The Hang Seng China Enterprises index, which tracks mainland Chinese companies listed in Hong Kong, rose 1.1 per cent and the CSI 300 of Shanghai- and Shenzhen-listed stocks gained 0.6 per cent. Japan’s Topix climbed 0.5 per cent and Australia’s S&P/ASX 200 rose 0.3 per cent.
The gains came after the PBoC lowered its medium-term lending facility rate by 0.1 percentage point to 2.65 per cent, having cut its seven-day lending rate earlier in the week by the same amount, which was its first move to boost short-term liquidity in the country’s interbank market in nine months.
Data released alongside the announcement underscored the slowing pace of China’s economic recovery.
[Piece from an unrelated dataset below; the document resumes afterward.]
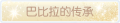 2025年3月20日 (四) 01:09版本的缩略图
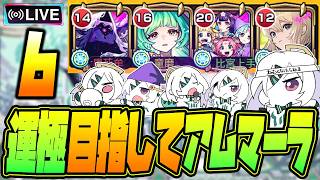 【モンストLIVE🔴】#６.えっ！私がアムネディア運極を！？ムリムリ！【モンスターストライク】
Growth in industrial output and retail sales fell short of economists’ expectations, while the pace of contraction in property investment and sales also worsened in May.
In currency markets, the renminbi weakened 0.2 per cent against the dollar to Rmb7.1788 after the central bank cut, taking the currency more than 4 per cent lower against the greenback for the year to date.
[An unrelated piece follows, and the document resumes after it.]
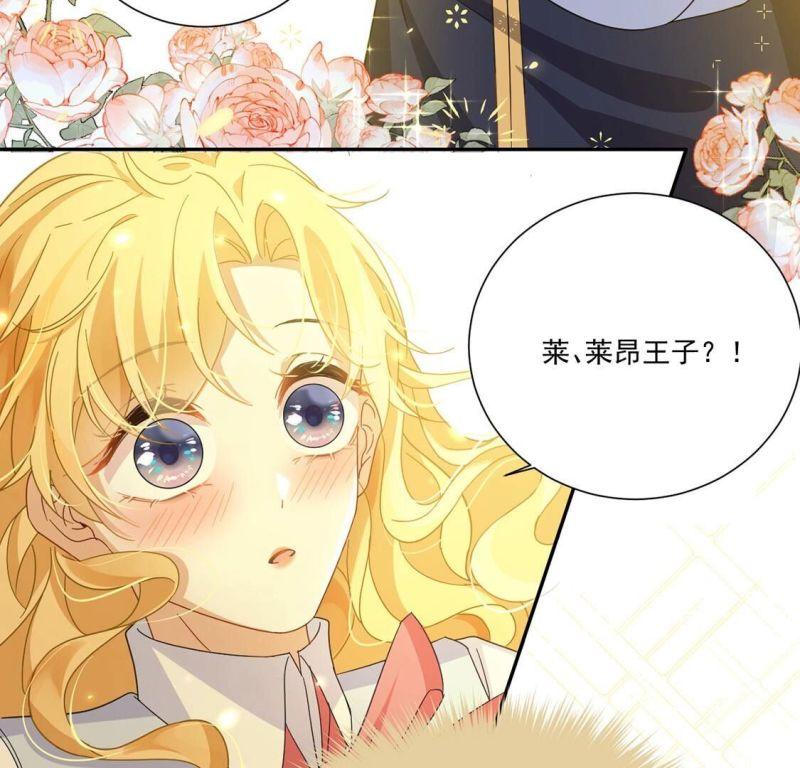 丧偶皇后漫画,第4话 冰山直男又如何？25图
Analysts were sceptical that the cut to the medium-term rate, which serves as the floor for China’s benchmark prime loan rate, would be enough to get growth back on track.
“The underlying story on the economy is extremely disappointing right now,” said Robert Carnell, head of Asia-Pacific research at ING. He said the renminbi could weaken to Rmb7.2 against the dollar “in days” and that policymakers would regard a weaker currency “as one of the policy tools they will need to lean on to help the economy”.
The gains in Asia followed a choppy day on Wall Street, where the benchmark S&P 500 finished 0.1 per cent higher and the tech-focused Nasdaq Composite rose 0.4 per cent after the Fed’s widely anticipated decision to leave the federal funds rate untouched on Tuesday.
But the pause at a range of 5 to 5.25 per cent, after a string of rate rises over the course of 14 months, came alongside Fed officials’ forecasts that indicated most policymakers expect two more quarter-point rises this year.
Economist Brian Martin at ANZ described the Fed’s decision as a “hawkish skip”, noting that while “there are some encouraging signs that inflation intensity is subsiding, it is way too early to conclude that inflation is defeated amid a still strong labour market”.
The hawkish outlook bolstered the dollar in Asian trading, with the dollar index tracking the US currency against a basket of other currencies climbing 0.3 per cent.
Futures markets tipped the S&P 500 to edge down 0.1 per cent later in the day, while the FTSE 100 was expected to shed 0.4 per cent at the open in London.